From the independence, Government of India has given high priority for the welfare of the farmers. In this regard it is implementing several farmers welfare schemes to re-vitalize agriculture sector and to improve their economic conditions. These agriculture schemes are very helpful for the farmers and he or she must know about it so as to take its benefit.
Below are some important government schemes in agriculture.
- Pradhan Mantri Fasal Bima Yojana (PMFBY)
PMFBY is an actuarial premium based scheme under which farmer has to pay maximum premium of 2% for Kharif, 1.5% for Rabi food & oilseed crops and 5% for annual commercial/horticultural crops and remaining part of the actuarial/bidded premium is shared equally by the Centre and State Government. One of the objectives of the scheme is to facilitate prompt claims settlement. The claims must be settled within two months of harvest subject to timely provision of both yield data and share of premium subsidy by the State Government.
Pradhan Mantri Krishi Sinchai Yojana (PMKSY)
It was launched on 1st July, 2015 with the motto of ‘Har Khet Ko Paani’ for providing end-to end solutions in irrigation supply chain, viz. water sources, distribution network and farm level applications.
PMKSY not only focuses on creating sources for assured irrigation, but also creating protective irrigation by harnessing rain water at micro level through ‘Jal Sanchay’ and ‘Jal Sinchan’.
Micro irrigation is to be popularised to ensure ‘Per drop-More crop’. PMKSY adopts State level planning and projectised execution that allows States to draw up their own irrigation development based on District Irrigation Plans and State Irrigation Plans.

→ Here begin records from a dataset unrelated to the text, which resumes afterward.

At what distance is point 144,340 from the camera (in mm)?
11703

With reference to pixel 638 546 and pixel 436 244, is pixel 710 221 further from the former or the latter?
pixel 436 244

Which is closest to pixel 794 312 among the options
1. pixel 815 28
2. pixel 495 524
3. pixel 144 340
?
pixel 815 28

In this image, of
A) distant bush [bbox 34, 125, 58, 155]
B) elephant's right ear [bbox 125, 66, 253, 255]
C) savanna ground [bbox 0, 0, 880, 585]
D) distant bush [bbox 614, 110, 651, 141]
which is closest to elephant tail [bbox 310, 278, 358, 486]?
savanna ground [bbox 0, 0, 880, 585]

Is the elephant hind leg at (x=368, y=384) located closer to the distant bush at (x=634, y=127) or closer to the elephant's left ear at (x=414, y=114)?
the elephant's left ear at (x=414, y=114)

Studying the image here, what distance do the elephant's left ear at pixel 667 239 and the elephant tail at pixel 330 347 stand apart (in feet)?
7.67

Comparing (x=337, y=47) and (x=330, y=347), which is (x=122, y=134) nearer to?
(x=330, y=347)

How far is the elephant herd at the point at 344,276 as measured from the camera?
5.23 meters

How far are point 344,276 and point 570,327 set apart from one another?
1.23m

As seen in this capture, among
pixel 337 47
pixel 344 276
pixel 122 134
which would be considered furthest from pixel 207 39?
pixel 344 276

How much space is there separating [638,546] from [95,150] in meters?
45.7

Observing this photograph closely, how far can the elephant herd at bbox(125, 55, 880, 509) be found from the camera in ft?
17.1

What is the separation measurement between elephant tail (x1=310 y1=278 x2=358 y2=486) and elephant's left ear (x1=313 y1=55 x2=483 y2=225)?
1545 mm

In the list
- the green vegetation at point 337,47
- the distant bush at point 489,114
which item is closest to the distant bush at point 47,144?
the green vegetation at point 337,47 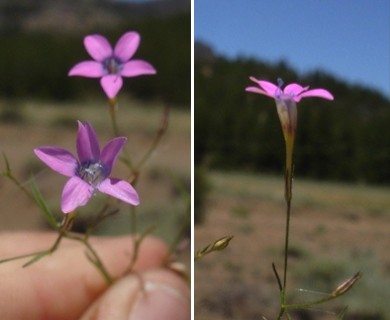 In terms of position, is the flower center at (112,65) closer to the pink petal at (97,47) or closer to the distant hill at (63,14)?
the pink petal at (97,47)

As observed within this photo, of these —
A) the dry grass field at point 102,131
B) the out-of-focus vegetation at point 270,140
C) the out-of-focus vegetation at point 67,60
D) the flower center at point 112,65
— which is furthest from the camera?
the out-of-focus vegetation at point 67,60

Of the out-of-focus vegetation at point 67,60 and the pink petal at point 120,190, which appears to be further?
the out-of-focus vegetation at point 67,60

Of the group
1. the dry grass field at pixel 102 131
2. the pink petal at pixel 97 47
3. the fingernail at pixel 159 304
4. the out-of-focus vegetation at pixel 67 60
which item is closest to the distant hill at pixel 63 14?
the out-of-focus vegetation at pixel 67 60

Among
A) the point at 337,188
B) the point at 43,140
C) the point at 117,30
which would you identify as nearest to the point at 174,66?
the point at 117,30

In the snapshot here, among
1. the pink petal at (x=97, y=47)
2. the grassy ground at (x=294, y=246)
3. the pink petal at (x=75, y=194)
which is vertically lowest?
the grassy ground at (x=294, y=246)

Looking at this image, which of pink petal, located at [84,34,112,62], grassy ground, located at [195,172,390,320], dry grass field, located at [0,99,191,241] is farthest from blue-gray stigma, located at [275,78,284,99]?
dry grass field, located at [0,99,191,241]

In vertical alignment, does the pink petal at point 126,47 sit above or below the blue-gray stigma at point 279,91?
above

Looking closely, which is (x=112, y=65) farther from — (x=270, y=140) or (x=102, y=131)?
(x=102, y=131) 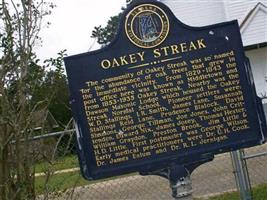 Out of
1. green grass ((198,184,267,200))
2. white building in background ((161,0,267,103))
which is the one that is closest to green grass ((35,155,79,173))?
green grass ((198,184,267,200))

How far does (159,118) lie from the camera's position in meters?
5.55

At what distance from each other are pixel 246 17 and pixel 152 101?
1729cm

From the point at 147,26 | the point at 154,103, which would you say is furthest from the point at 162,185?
the point at 147,26

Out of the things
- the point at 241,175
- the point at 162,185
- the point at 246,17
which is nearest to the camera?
the point at 241,175

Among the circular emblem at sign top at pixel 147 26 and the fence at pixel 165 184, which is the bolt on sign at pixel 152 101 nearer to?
the circular emblem at sign top at pixel 147 26

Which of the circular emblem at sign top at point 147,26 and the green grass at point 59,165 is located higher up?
the circular emblem at sign top at point 147,26

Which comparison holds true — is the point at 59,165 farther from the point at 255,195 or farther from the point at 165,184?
the point at 165,184

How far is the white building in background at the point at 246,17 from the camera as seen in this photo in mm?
21578

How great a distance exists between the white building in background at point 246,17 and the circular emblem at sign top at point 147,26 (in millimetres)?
15228

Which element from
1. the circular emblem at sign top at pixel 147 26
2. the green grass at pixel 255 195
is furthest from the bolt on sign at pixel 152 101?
the green grass at pixel 255 195

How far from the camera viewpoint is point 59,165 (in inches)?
254

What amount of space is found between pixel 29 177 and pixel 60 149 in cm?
90

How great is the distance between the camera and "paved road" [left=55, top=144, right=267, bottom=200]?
966 centimetres

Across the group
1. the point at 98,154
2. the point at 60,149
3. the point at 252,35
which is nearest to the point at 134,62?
the point at 98,154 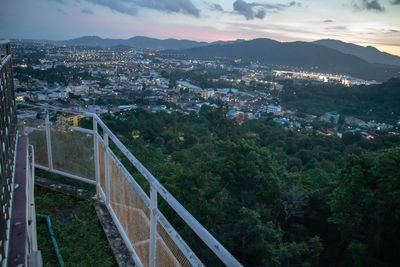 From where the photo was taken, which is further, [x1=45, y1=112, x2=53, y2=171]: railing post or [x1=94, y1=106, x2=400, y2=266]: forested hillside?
[x1=94, y1=106, x2=400, y2=266]: forested hillside

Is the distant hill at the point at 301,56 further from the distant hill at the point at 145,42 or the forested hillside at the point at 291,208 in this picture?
the forested hillside at the point at 291,208

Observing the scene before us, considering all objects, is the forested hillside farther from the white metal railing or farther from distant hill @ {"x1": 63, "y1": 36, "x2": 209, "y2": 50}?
distant hill @ {"x1": 63, "y1": 36, "x2": 209, "y2": 50}

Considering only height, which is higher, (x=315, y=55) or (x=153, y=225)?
(x=315, y=55)

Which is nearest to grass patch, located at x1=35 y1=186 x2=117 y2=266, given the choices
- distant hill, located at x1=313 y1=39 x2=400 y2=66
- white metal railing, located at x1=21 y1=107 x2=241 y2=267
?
white metal railing, located at x1=21 y1=107 x2=241 y2=267

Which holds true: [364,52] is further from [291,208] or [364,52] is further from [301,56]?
[291,208]

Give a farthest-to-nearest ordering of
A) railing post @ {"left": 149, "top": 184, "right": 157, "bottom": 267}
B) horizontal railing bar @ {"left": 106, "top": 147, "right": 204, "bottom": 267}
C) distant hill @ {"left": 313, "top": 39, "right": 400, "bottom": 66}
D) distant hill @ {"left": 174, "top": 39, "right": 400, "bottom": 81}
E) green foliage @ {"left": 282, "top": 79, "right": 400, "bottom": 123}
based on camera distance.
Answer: distant hill @ {"left": 313, "top": 39, "right": 400, "bottom": 66}, distant hill @ {"left": 174, "top": 39, "right": 400, "bottom": 81}, green foliage @ {"left": 282, "top": 79, "right": 400, "bottom": 123}, railing post @ {"left": 149, "top": 184, "right": 157, "bottom": 267}, horizontal railing bar @ {"left": 106, "top": 147, "right": 204, "bottom": 267}

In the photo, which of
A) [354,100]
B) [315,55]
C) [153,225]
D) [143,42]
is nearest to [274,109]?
[354,100]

Paramparagat Krishi Vikas Yojana (PKVY) Paramparagat Krishi Vikas Yojana is implemented with a view to promote organic farming in the country. To improve soil health and organic matter content and increase net income of the farmer so as to realise premium prices. Under this scheme, an area of 5 lakh acre is targeted to be covered though 10,000 clusters of 50 acre each, from the year 2015-16 to 2017-18.